### Problem
Apart from the pictures, everything in the lines below must be printed exactly.

### Supplied records
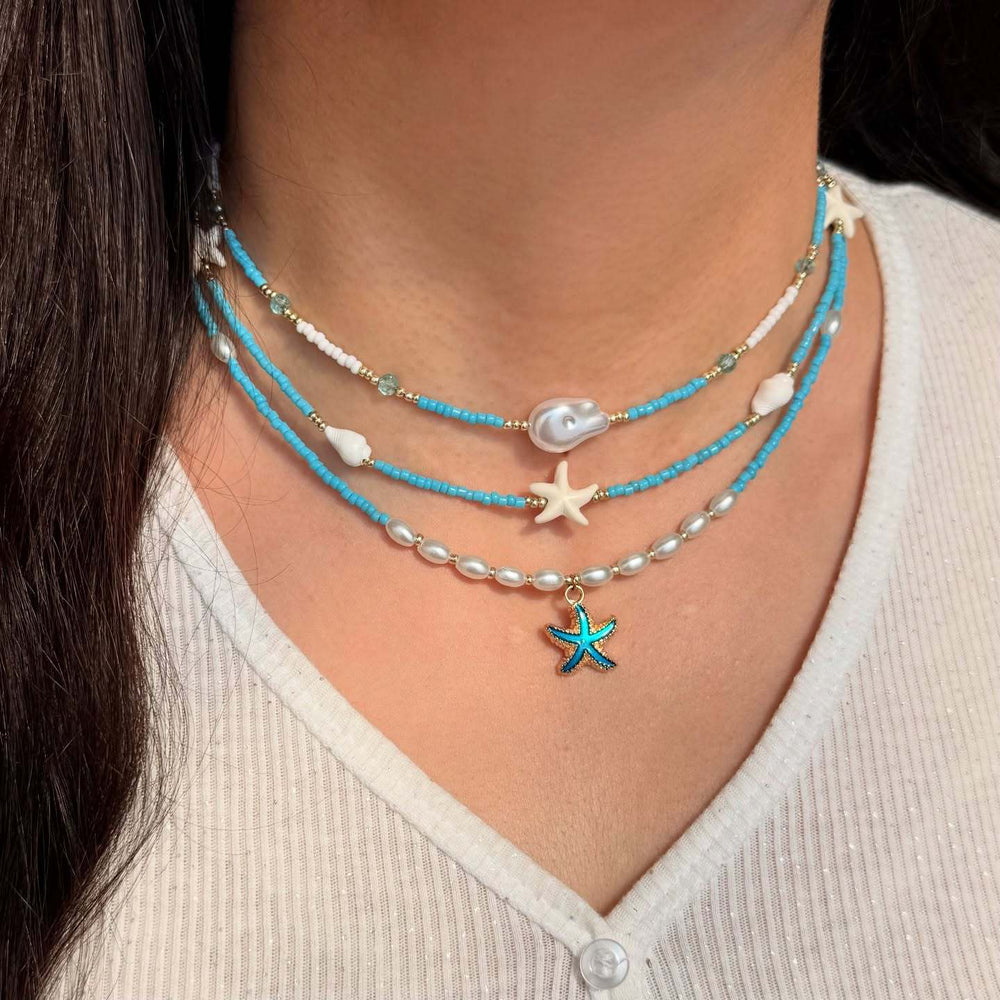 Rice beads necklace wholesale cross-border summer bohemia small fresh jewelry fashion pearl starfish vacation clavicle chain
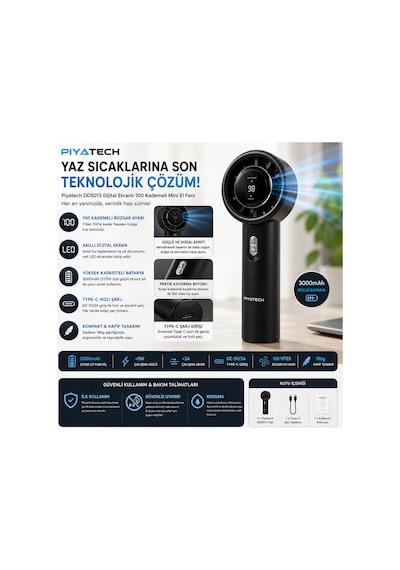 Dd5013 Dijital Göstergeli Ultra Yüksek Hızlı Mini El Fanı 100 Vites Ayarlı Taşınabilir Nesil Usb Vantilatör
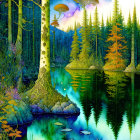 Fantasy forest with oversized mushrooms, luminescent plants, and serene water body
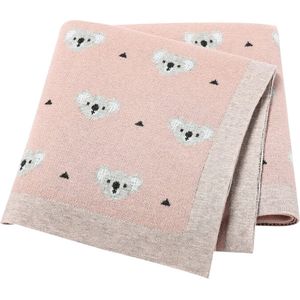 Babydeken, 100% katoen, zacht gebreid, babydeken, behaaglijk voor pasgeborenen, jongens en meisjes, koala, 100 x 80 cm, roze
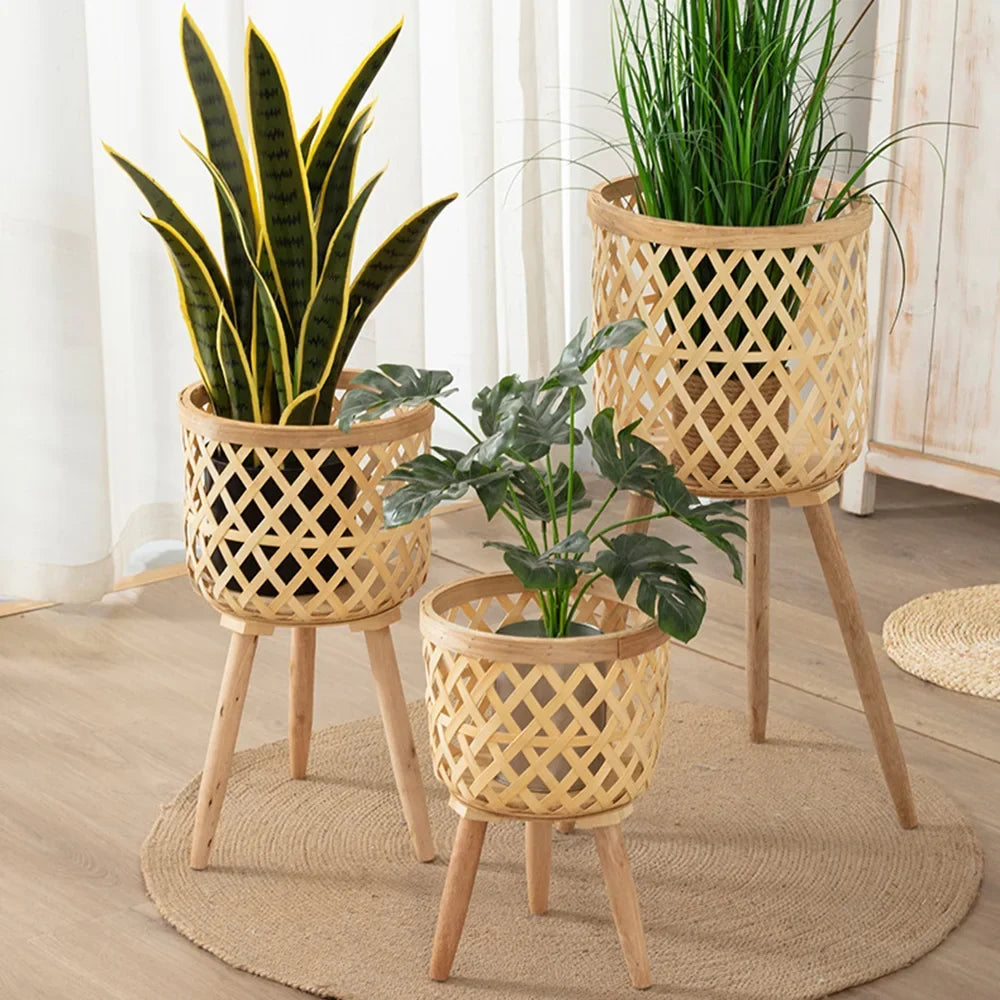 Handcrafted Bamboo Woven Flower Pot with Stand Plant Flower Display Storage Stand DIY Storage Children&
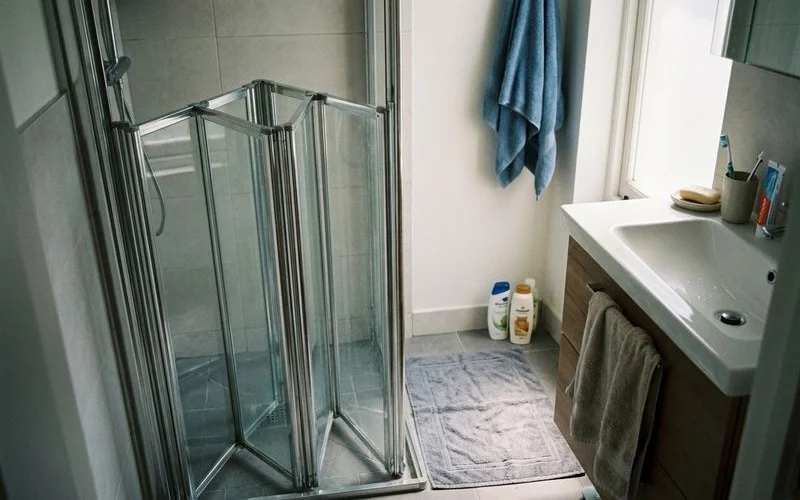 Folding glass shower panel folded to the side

### Written answer
 Rice beads necklace wholesale cross-border summer bohemia small fresh jewelry fashion pearl starfish vacation clavicle chain
 Dd5013 Dijital Göstergeli Ultra Yüksek Hızlı Mini El Fanı 100 Vites Ayarlı Taşınabilir Nesil Usb Vantilatör
 Fantasy forest with oversized mushrooms, luminescent plants, and serene water body
 Babydeken, 100% katoen, zacht gebreid, babydeken, behaaglijk voor pasgeborenen, jongens en meisjes, koala, 100 x 80 cm, roze
 Handcrafted Bamboo Woven Flower Pot with Stand Plant Flower Display Storage Stand DIY Storage Children&
 Folding glass shower panel folded to the side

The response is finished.